Wie so oft gibt es natürlich aber auch hier Vor- und Nachteile. Obwohl deine neue Niere so also hoffentlich besser von deinem Körper angenommen werden kann, können diese Medikamente auch zu einer Reihe von Nebenwirkungen führen. Bevor wir uns diese im Detail anschauen, klären wir aber erst einmal, was Immunsuppressiva überhaupt sind. Du kannst dir aber jetzt schon merken, dass Nebenwirkungen zwar auftreten können, es gibt jedoch immer auch Möglichkeiten, mit deren Hilfe du und dein Ärzteteam versuchen können diese zu verhindern oder zu behandeln.
Warum sollte ich nach meiner Nierentransplantation Immunsuppressiva einnehmen?

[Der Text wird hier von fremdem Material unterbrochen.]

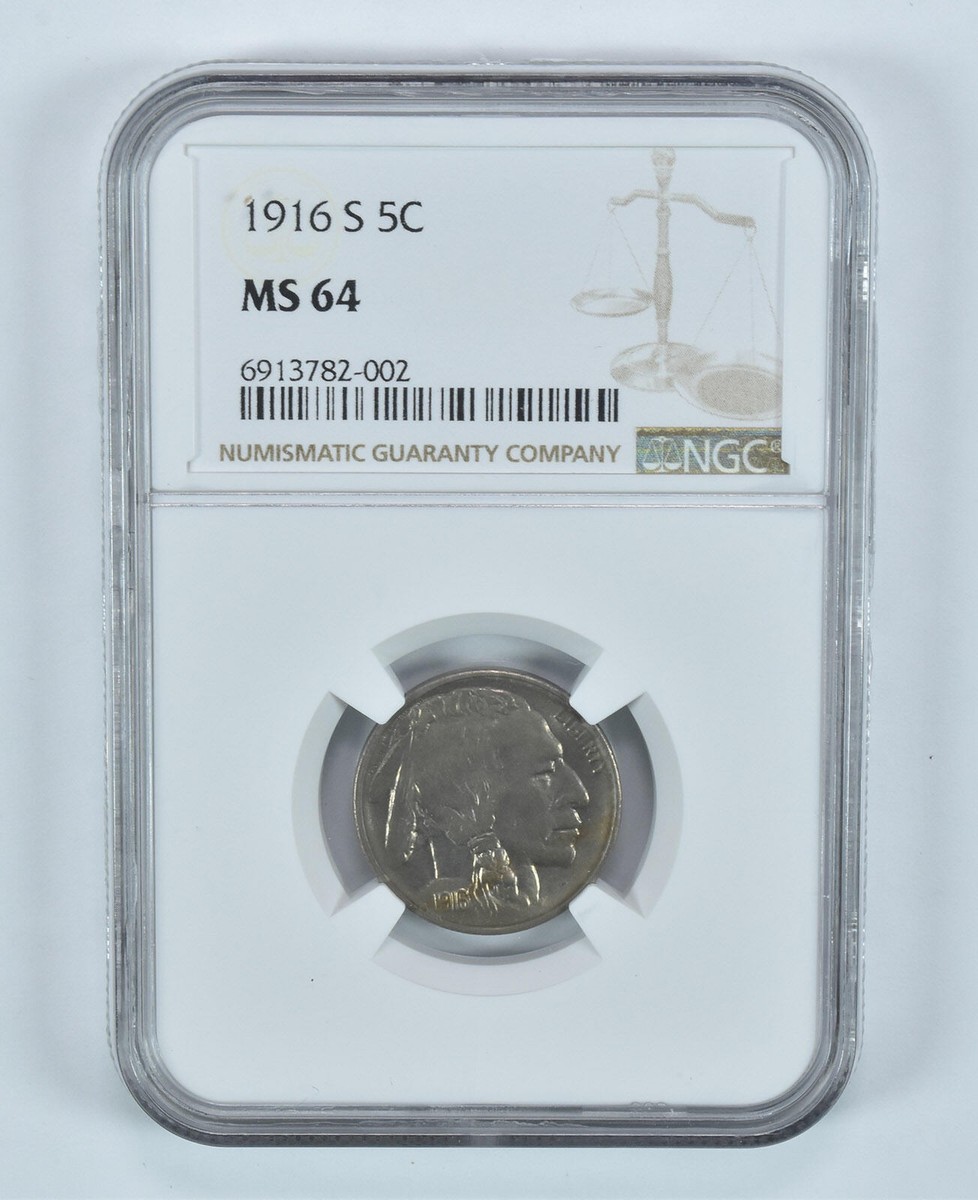 MS 64 Graded 1913 Year US Buffalo Nickels (1913-1938) for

Dein Immunsystem ist dafür zuständig Eindringlinge oder kranke Zellen zu erkennen, die eine Gefahr für deine Gesundheit bedeuten können. Wenn diese Zellen oder Erreger von deinen Immunzellen erkannt wurden, wird der Rest deines Immunsystems aktiviert, um sie zu bekämpfen und deinen Körper fit und gesund zu halten.
Bakterien und Viren, entartete Krebszellen oder auch Fremdkörper können dein Immunsystem aktivieren. Kein Wunder also, dass dein Immunsystem auch bei der Transplantation einer neuen Niere hellhörig werden kann. Schließlich ist deine neue Niere kein Organ, das auf natürliche Art und Weise zu deinem Körper gehört. Wird dein Immunsystem nach der Transplantation übermäßig aktiviert, kann es zu einer Abstoßung kommen.
Aus diesem Grund wird vor der Transplantation geprüft, wie gut die neue Niere zu deinem Körper und deinem Immunsystem passt. Dafür werden immunologische Merkmale, wie zum Beispiel die Gewebemerkmale (z.B. HLA-Merkmale), des Spenders und Empfängers miteinander verglichen. Stimmen diese überein, ist die Wahrscheinlichkeit hoch, dass die neue Niere besonders gut zu deinem Körper passt.
Trotz dieser Vorsichtsmaßnahmen enthält die neue Niere immer noch eine Reihe von fremden Informationen und Merkmalen, die dein Immunsystem skeptisch machen und so zu einem möglichen Angriff auf die neue Niere führen können. Diese Abstoßung kann plötzlich auftreten und rasch zu einer Abnahme deiner Transplantatfunktion führen (akute Abstoßung) oder unterschwellig, langsam “brodelnd” deine neue Niere schädigen (chronische Abstoßung).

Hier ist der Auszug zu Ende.